Hi,
I have a squid proxy that sits between the communication of the Octopus Server and Tentacle. I have my polling tentacles setup to use the squid proxy.
I am using Wireshark to monitor the traffic between the Octopus Server and Tentacle.
I am seeing that my credentials are visible in plain text and I want them to be encrypted.
Is there anything form the Octopus Deploy side that can be done to achieve this or is all on the squid.conf file configuration?
Unfortunately, there isn’t anything you can do from the Octopus side. You should be able to get your proxy to strip everything out when it sends it to Octopus, though.
Please let me know if that helps or if you need further assistance.
Hi @jeremy.miller,
Yes the credentials I am seeing are the proxy credentials.
So what I am doing is stopping the tentacle then starting wireshark to record and then I start the tentacle again and it captures the traffic communications.
It connects to one of our Octopus nodes through port 10943 and then in the Proxy-Authorization section the proxy credentials are displsyed.

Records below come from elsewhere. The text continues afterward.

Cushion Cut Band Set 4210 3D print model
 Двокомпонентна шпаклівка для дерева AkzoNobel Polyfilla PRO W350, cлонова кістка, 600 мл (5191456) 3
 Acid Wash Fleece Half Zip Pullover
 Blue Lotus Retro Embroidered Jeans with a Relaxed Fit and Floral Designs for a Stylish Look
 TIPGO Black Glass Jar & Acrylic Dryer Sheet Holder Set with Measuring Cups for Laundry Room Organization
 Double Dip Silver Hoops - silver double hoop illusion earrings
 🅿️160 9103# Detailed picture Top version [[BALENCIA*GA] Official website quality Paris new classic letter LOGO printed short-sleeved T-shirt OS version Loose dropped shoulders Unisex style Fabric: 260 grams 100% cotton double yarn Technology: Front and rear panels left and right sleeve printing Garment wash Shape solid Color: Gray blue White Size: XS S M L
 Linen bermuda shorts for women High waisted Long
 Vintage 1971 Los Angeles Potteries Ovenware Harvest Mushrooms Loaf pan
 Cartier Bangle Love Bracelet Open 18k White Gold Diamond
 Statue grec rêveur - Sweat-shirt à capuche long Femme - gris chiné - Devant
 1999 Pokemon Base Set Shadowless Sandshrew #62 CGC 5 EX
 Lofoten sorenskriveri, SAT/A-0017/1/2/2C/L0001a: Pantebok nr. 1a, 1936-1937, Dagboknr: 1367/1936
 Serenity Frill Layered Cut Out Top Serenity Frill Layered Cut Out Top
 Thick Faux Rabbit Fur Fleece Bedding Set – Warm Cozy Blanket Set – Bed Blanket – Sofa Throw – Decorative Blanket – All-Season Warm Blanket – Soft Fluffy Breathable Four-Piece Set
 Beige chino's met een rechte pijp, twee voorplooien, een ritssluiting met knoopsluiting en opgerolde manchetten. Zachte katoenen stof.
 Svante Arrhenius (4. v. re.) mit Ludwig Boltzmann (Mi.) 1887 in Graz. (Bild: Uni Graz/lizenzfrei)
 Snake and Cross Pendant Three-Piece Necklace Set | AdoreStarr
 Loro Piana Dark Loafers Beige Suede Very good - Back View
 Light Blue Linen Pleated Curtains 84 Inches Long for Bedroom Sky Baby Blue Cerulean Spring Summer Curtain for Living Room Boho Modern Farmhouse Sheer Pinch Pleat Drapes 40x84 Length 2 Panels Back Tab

I have followed the tutorial (http://etutorials.org/Server+Administration/Squid.+The+definitive+guide/Chapter+12.+Authentication+Helpers/12.3+HTTP+Digest+Authentication/).
I have my proxy between the communication of Octopus Deploy and the Octopus Tentacle.When they communicate I am testing the connection with Wireshark to see if the proxy credentials are displayed in clear text. I was using the basic authentication whish does display the credentials in plain text.
Now I am trying to implement Digest Authentication but still the proxy credentials are displaying in plain text and not encrypted.In my squid.conf I have added the below lines:
auth_param digest program /usr/lib64/squid/digest_ldap_auth - we are using ldap user to connect
auth_param digest children 8 auth_param digest realm Access to Squid auth_param digest nonce_garbage_interval 10 minutes auth_param digest nonce_max_duration 45 minutes auth_param digest nonce_max_count 100 auth_param digest nonce_strictness on
I restart squid after I made the changes but still not encrypting the proxy credentials. Is there something else I need to do that I have missed?
I didnt do anything with the12.3.1 password section.
Squid is a bit out of my wheelhouse. I can go grab some colleagues and see who can help here. In the meantime, is there any reason you can’t white list the tentacle IP address on your Squid, so that there are no credentials necessary?
I’ve discussed this with a colleague of mine and I think there’s no way to avoid the plain text credentials over HTTP, but I am going to check with a colleague who works in Australia to be sure. I think we may have to inevitably go the white-list route.
I will keep you updated.
Please let me know if you have any questions in the meantime.
I heard back. Bolstering authentication with proxies is something we’d like to do in the future but it currently isn’t on our roadmap. In the meantime, it looks like white listing the ip address of the tentacle for squid is your best path forward.
I’m sorry I don’t have better news for you.
Please let me know if you have any other questions or concerns and I hope you have a great rest of your week.